__Directions__: Reproduce the listing exactly, keeping every word as it is.

__Study material__:
________________
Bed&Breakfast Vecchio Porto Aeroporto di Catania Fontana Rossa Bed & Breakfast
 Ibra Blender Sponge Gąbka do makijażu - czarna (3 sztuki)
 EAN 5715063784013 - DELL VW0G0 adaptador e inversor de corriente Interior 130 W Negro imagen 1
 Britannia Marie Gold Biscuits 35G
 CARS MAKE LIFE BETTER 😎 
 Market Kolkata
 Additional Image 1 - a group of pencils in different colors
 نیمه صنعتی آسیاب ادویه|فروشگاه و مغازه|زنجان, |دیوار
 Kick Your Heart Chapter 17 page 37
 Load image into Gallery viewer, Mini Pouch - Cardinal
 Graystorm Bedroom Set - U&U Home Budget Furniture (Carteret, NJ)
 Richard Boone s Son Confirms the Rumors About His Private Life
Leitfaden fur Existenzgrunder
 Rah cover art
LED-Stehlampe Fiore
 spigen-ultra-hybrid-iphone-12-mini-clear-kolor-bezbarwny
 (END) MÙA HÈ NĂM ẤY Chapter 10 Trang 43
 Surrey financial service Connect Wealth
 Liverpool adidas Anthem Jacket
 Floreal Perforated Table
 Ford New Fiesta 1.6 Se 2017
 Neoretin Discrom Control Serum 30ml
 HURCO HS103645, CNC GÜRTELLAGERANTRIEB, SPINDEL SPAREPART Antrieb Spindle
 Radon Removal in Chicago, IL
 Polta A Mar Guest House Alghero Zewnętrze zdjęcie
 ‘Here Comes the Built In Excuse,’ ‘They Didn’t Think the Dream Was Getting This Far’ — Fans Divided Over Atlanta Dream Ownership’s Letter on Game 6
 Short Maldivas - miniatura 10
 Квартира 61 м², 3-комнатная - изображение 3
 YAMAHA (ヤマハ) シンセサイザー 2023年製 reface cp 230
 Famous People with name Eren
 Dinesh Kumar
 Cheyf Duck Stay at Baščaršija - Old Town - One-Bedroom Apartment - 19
________________
__Answer space__:
Bed&Breakfast Vecchio Porto Aeroporto di Catania Fontana Rossa Bed & Breakfast
 Ibra Blender Sponge Gąbka do makijażu - czarna (3 sztuki)
 EAN 5715063784013 - DELL VW0G0 adaptador e inversor de corriente Interior 130 W Negro imagen 1
 Britannia Marie Gold Biscuits 35G
 CARS MAKE LIFE BETTER 😎 
 Market Kolkata
 Additional Image 1 - a group of pencils in different colors
 نیمه صنعتی آسیاب ادویه|فروشگاه و مغازه|زنجان, |دیوار
 Kick Your Heart Chapter 17 page 37
 Load image into Gallery viewer, Mini Pouch - Cardinal
 Graystorm Bedroom Set - U&U Home Budget Furniture (Carteret, NJ)
 Richard Boone s Son Confirms the Rumors About His Private Life
Leitfaden fur Existenzgrunder
 Rah cover art
LED-Stehlampe Fiore
 spigen-ultra-hybrid-iphone-12-mini-clear-kolor-bezbarwny
 (END) MÙA HÈ NĂM ẤY Chapter 10 Trang 43
 Surrey financial service Connect Wealth
 Liverpool adidas Anthem Jacket
 Floreal Perforated Table
 Ford New Fiesta 1.6 Se 2017
 Neoretin Discrom Control Serum 30ml
 HURCO HS103645, CNC GÜRTELLAGERANTRIEB, SPINDEL SPAREPART Antrieb Spindle
 Radon Removal in Chicago, IL
 Polta A Mar Guest House Alghero Zewnętrze zdjęcie
 ‘Here Comes the Built In Excuse,’ ‘They Didn’t Think the Dream Was Getting This Far’ — Fans Divided Over Atlanta Dream Ownership’s Letter on Game 6
 Short Maldivas - miniatura 10
 Квартира 61 м², 3-комнатная - изображение 3
 YAMAHA (ヤマハ) シンセサイザー 2023年製 reface cp 230
 Famous People with name Eren
 Dinesh Kumar
 Cheyf Duck Stay at Baščaršija - Old Town - One-Bedroom Apartment - 19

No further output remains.